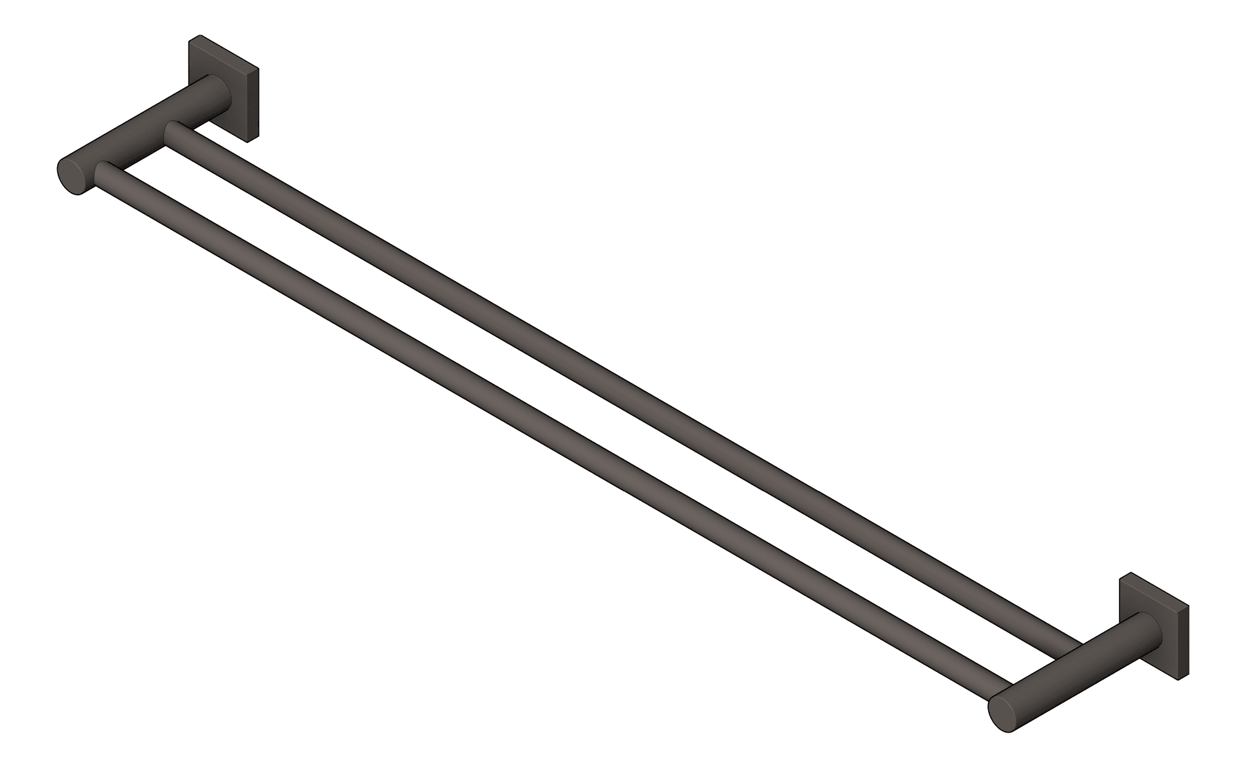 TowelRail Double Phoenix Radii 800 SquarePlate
^^^^^^^^^^^^^^^^
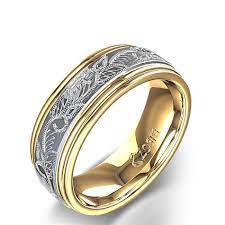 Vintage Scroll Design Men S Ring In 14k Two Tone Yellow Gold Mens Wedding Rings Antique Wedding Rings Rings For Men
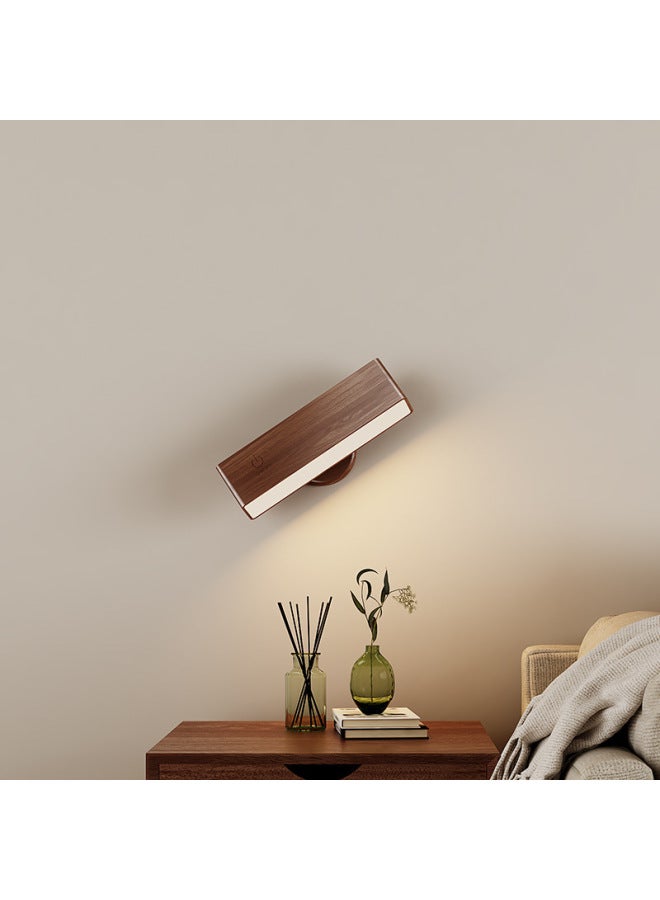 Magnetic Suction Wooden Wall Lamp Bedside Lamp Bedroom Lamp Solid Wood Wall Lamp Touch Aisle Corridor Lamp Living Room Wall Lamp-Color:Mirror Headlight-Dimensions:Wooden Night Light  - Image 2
^^^^^^^^^^^^^^^^
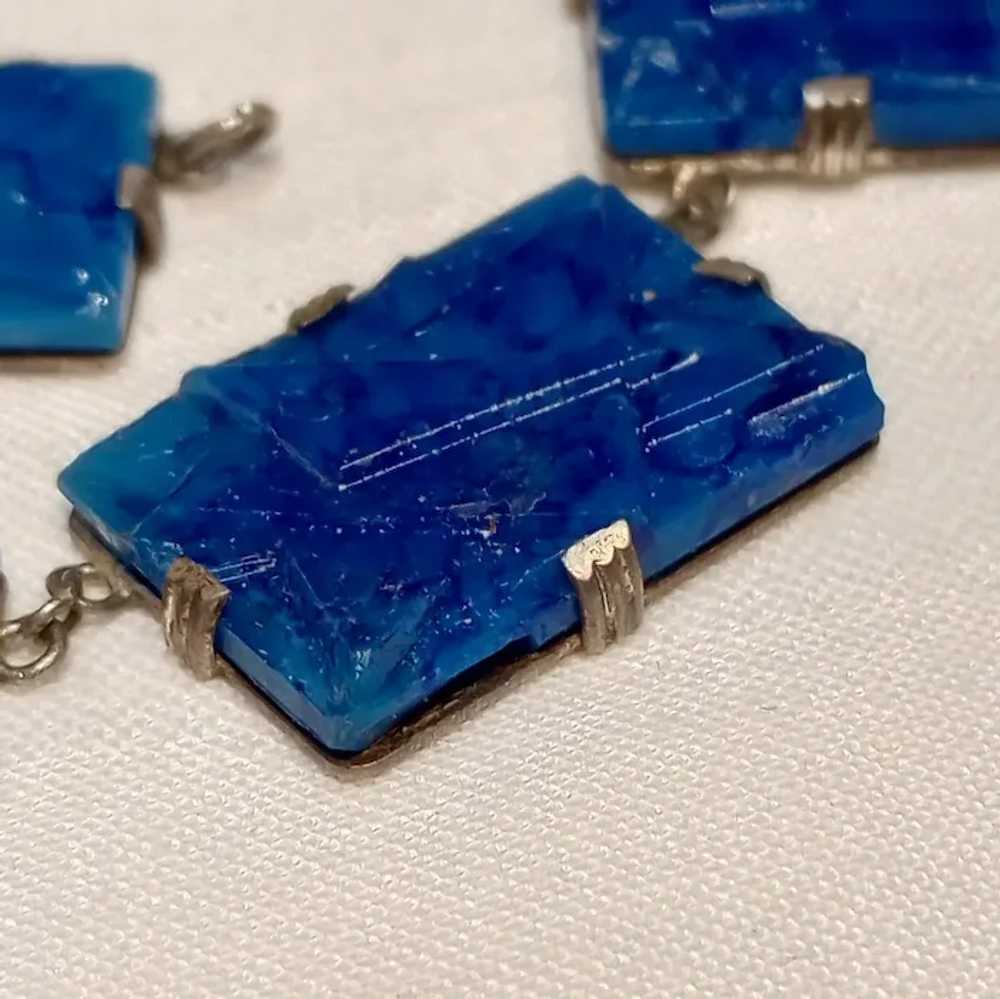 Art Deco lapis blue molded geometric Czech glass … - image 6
^^^^^^^^^^^^^^^^
WHAT YOU WILL DO: Return exactly the lines that appear in the data above between the line containing "Vintage Scroll Design" and the line containing "Magnetic Suction Wooden", both of which are included, and leave the pictures out.

ANSWER TO THIS TASK:
 Vintage Scroll Design Men S Ring In 14k Two Tone Yellow Gold Mens Wedding Rings Antique Wedding Rings Rings For Men
 Magnetic Suction Wooden Wall Lamp Bedside Lamp Bedroom Lamp Solid Wood Wall Lamp Touch Aisle Corridor Lamp Living Room Wall Lamp-Color:Mirror Headlight-Dimensions:Wooden Night Light  - Image 2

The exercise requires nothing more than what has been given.